Мальчики начали строить мост между двумя песчаными кучами, а Томас наблюдал, как его герой тащит доску и с помощью приятеля, который был старше и сильнее, опускает ее на место. Полюбовавшись хорошей работой, мальчики удалились обнявшись.
Подошел уличный торговец с клубникой, но Катя отослала его.
– Они ее даже не моют, – сказала она.
Отложив работу, Томас взялся за книжку. Наверняка мальчик с приятелем где-то проказничают и появятся не раньше обеда.
Он дремал в млечном сиянии моря, просыпался, читал, снова засыпал, пока не услышал голос Кати:
– Он вернулся.
Говорила она достаточно тихо, чтобы Генрих не мог различить ее слов.
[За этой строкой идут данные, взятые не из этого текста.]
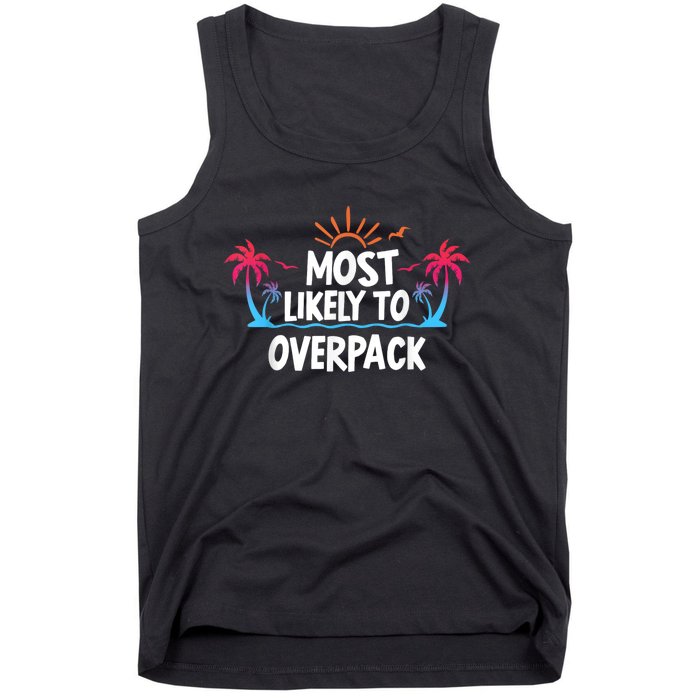 Most Likely To Overpack Tank Top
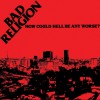 How Could Hell Be Any Worse? (Re-Issue)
Когда Томас выпрямился и взглянул на нее, Катя продолжала читать. Мальчик зашел по колено в воду и продвигался вперед. Затем поплыл, пока мать с гувернанткой не принялись уговаривать его повернуть назад. Томас смотрел, как он выходит из моря, а с его волос капает вода. Чем пристальнее он в него всматривался, тем глубже погружалась в чтение Катя. Томас знал, что, оставшись вдвоем, они не станут заводить об этом разговор, говорить было не о чем. Не было нужды таиться, и Томас переместил кресло так, чтобы видеть мальчика, который вытирался под бдительным присмотром матери и гувернантки.